Türk gelenekleri şehirde birer birer kayboluyor. Son çınar altı kahvelerimiz, piyazcılarımız, haşlamacılarımız gidiyor, yerine pizzacılar, hamburgerciler yerleşiyor.
Sözde o kadar milliyetçiyiz ki turistlere yabancı çay, kahve, giyim, kuşam satarken zevkten kendimizden geçiyoruz.
Çakma, çaktırma işlerimiz de büyümeye devam ediyor evelallah…
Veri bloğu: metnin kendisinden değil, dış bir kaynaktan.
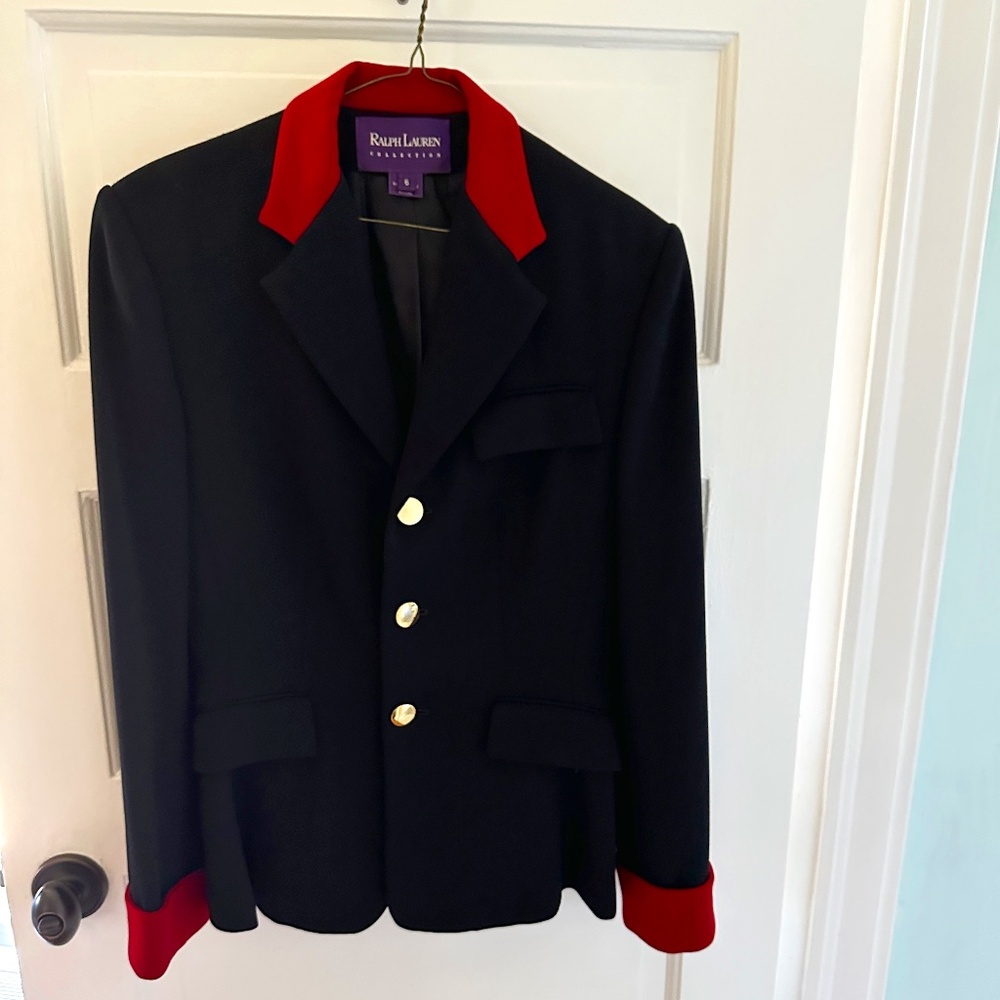 Vintage Black and Red Purple Label Ralph Lauren Wool Blazer, size 6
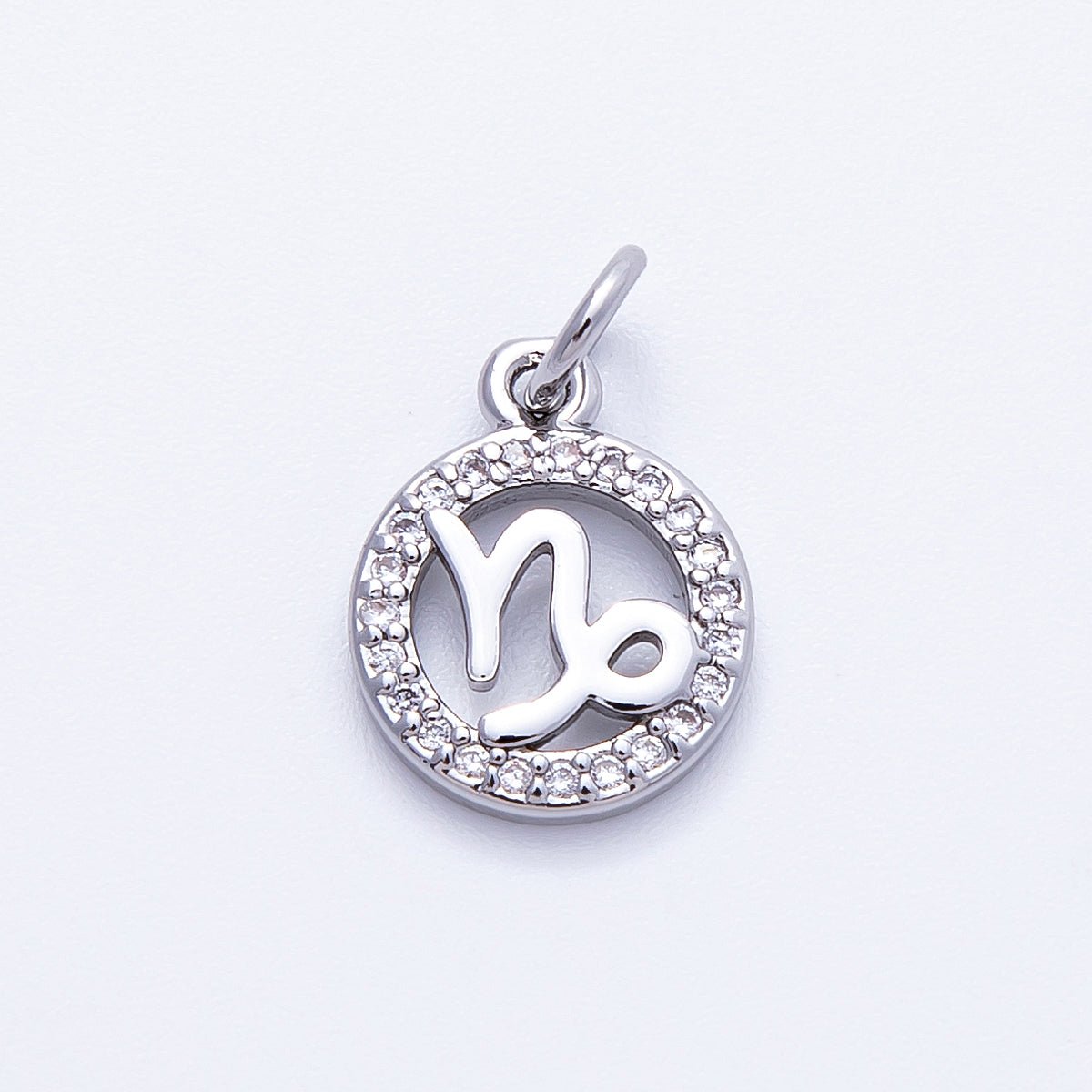 Silver 13.5mm Micro Paved CZ Personalized Zodiac Sign Charm | Charms - 00235 ~ Charms - 00246 - DLUXCA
Arkadaşlar, Bu kadim toprakların sesini samimice dinlemeliyiz. Üstünde oturduğumuz tarihi içimizde, en derinlerimizde hissetmeliyiz, anlamalıyız.
Sizde sayın başkanlarım, valilerim, bakanlarım bu toprakların sesini lütfen bi dinleyin.
Mutsuz toprakta mutlu canlı yetişmez. Can mutlu değilse o zaman bana ne bu rakamlardan, sayılardan.
Dünyadaki en son ve önemli trend sağlıklı ve yerel beslenme.
Dünyada yeni trend olan bu hareketi Antalya binlerce yıl önceden beri ilk uygulayanlardandı. Şimdi bizim en ananevi zenginliklerimiz bize uzak ülkelerden yeni trend olarak geri dönüyor. Ne kadar üzücü.
Yerel ve sağlıklı sözcükleri bir araya gelince zaten geleceğin turizminin şifrelerini çözmüş oluyorsunuz. Antalya yerel ve sağlıklı beslenmenin dünya merkezi olmalıdır. Antalya ismini duyanların ağzı sulanmalı, gönlü heyecanlanmalıdır.
Bu duyguları yaratacak ve kurumsal olarak işleyecek, yönetecek liyakatlı insanlarımız fazlası ile var.
Nirvana logoon luxury akıllı bir hamle ile konseptini Local & Healthy All Inclusive Resort diye değiştirdi. Bu sürdürebilir hizmet anlayışının resort işletmeciliğinde öncüsü oldu.
Cyristal grubunu kutlarım.
*****
Küresel turizmi tehdit eden yeni terör:
Kir ve zehir
Müşteri tatilde sağlığını güçlendirmek istiyor ve kirli, pisletilmiş, zehirlenmiş noktalardan tamamen uzaklaşıyor, oraları ne kadar tarihi, ne kadar popülerde olsa ismini duymak, yerini bile bilmek istemiyor.
Müşterinin gözünde artık gerçek lüks sağlıklı ve güvenli olandır, bu anlamda Antalya’da da sıkıntılar var ve turist bunu biliyor, görüyor
Aşırı ilaçlama, yoğun plastik, blok beton, bunların hepsi turistlerinde konuştuğu konular:
Sayın protokol siz bunları duymuyorsunuz çünkü Antalya’ya gelen turistler ile konuşmuyorsunuz.
Ben konuşuyorum, sizde artık konuşun, Antalya hakkında bilmediklerinizi turistlerden öğrenebilirsiniz.